**AIM OF THE TASK**
Which lines run from the line with "Image # 21542: Bonanza" to the end of the entries? Write out exactly those, leaving out the pictures.

=== RAW DATA ===

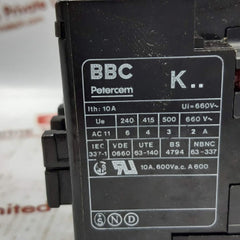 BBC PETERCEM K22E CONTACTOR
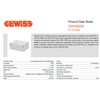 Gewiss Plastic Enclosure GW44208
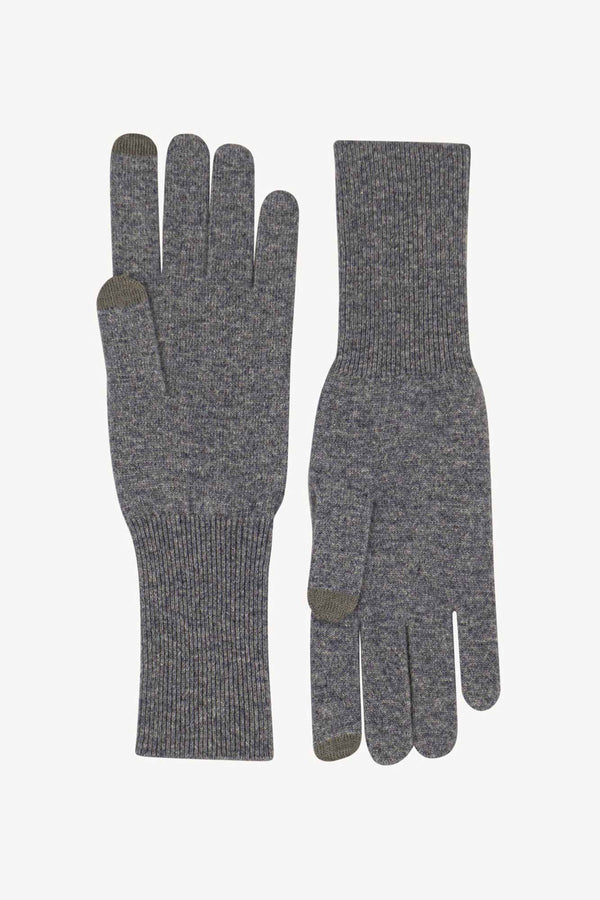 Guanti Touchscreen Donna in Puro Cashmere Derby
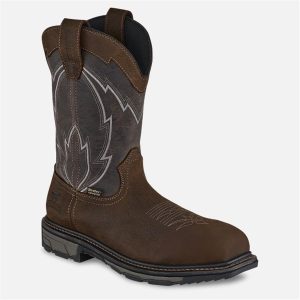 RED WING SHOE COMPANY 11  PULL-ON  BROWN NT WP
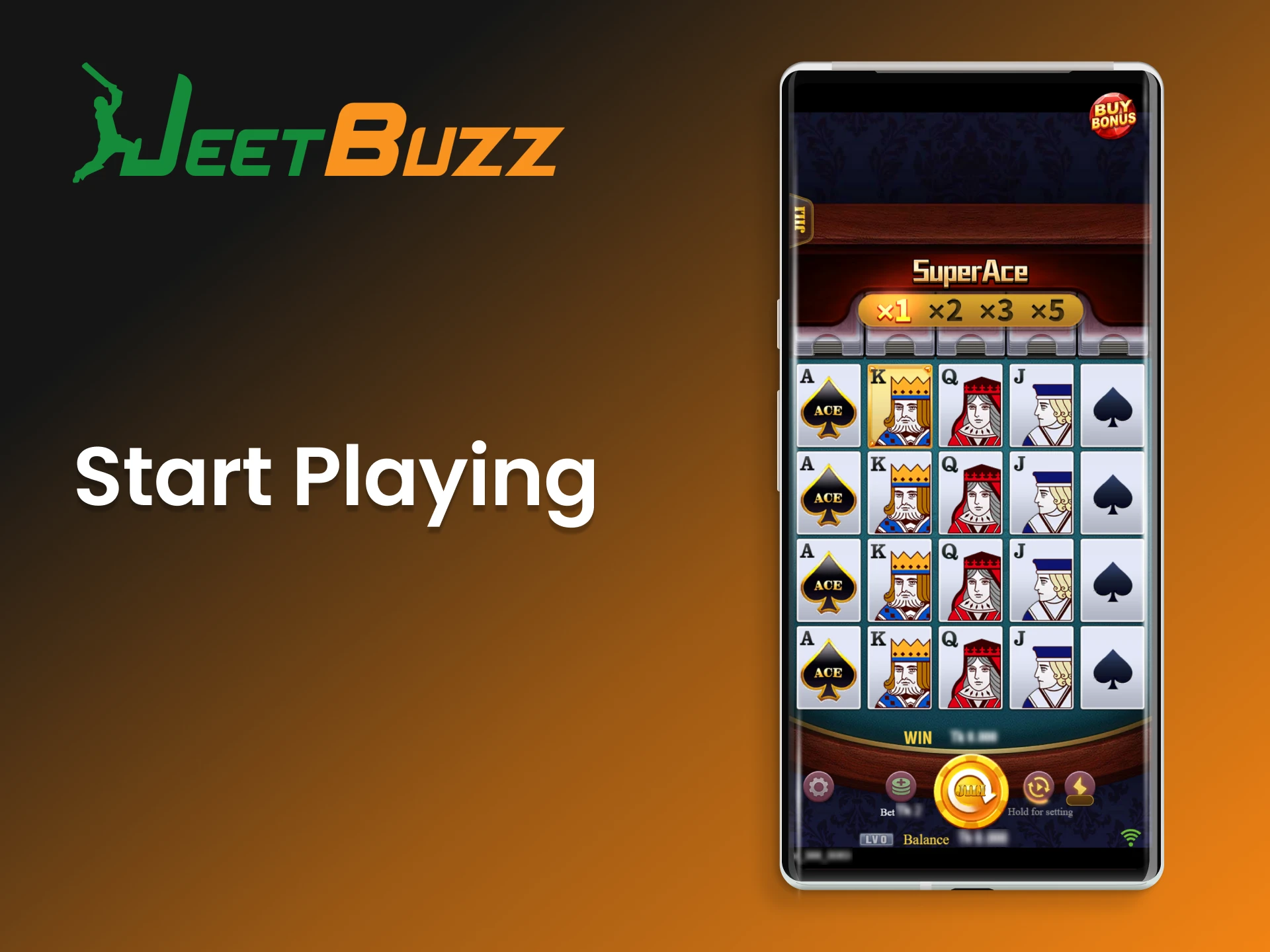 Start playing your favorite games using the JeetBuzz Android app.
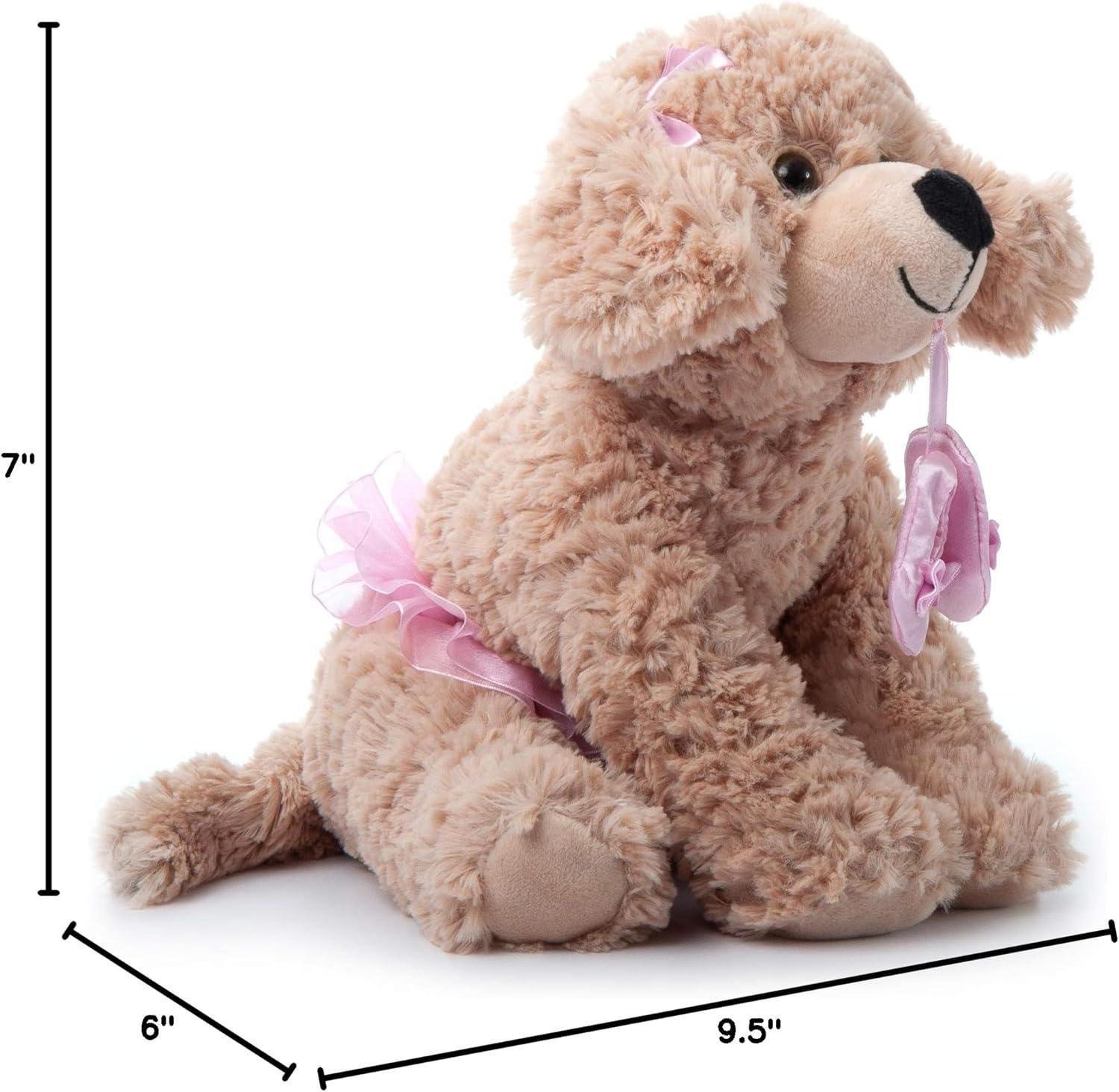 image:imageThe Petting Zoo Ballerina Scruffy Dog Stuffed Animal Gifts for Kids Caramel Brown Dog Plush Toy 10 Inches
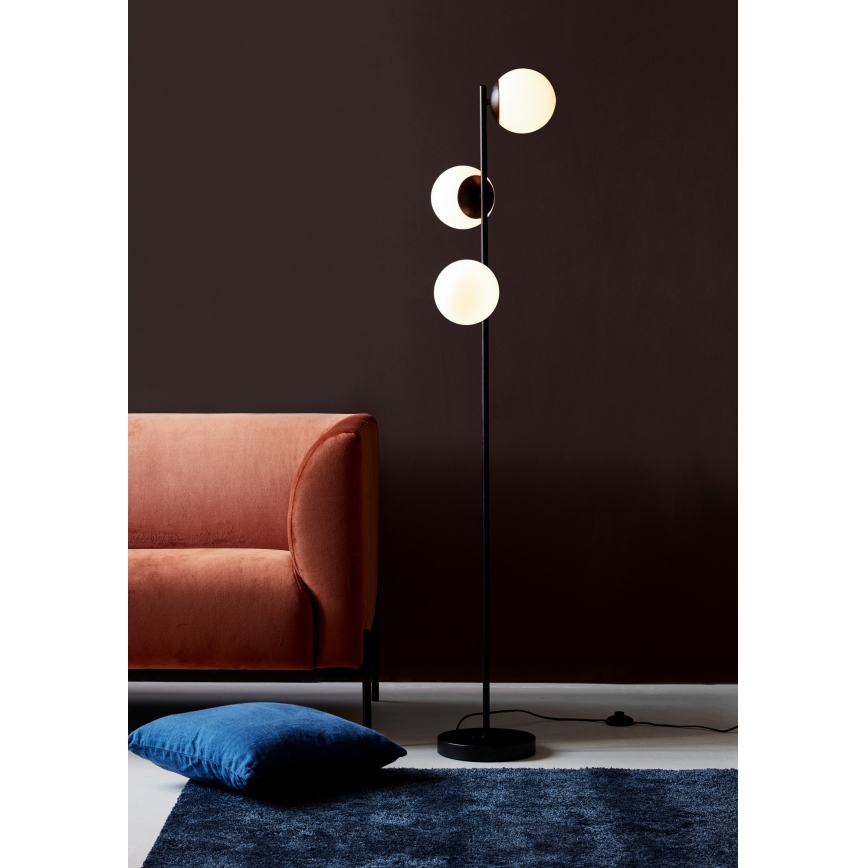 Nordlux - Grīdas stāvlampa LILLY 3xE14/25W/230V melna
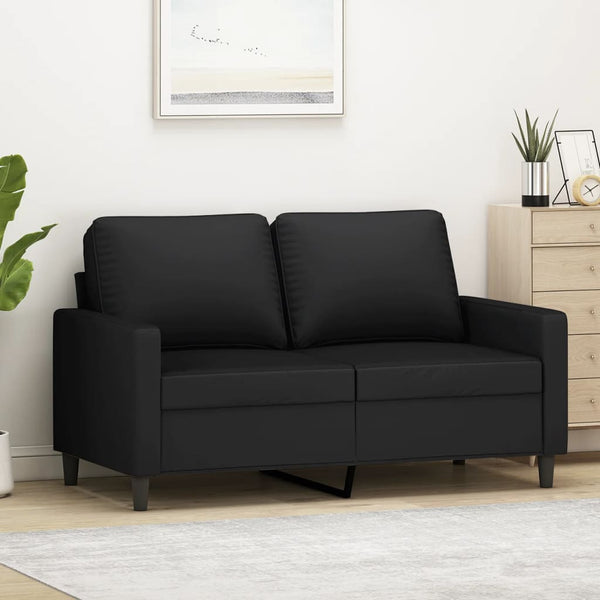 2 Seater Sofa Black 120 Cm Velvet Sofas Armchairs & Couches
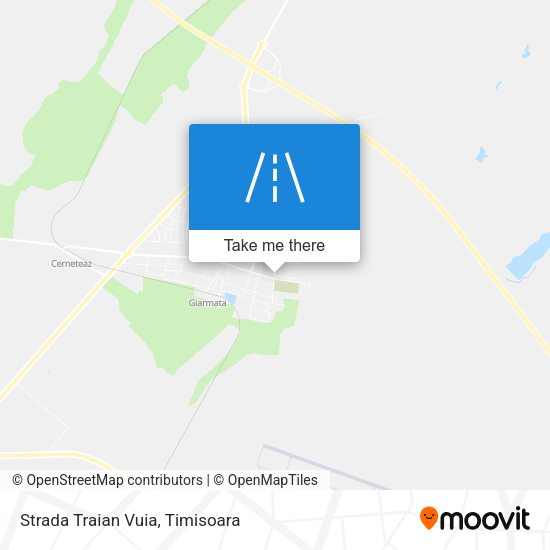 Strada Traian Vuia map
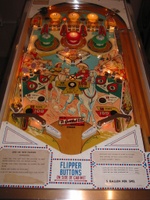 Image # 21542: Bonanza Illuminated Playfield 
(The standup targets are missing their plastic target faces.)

===

**ANSWER BOX**
 Image # 21542: Bonanza Illuminated Playfield 
(The standup targets are missing their plastic target faces.)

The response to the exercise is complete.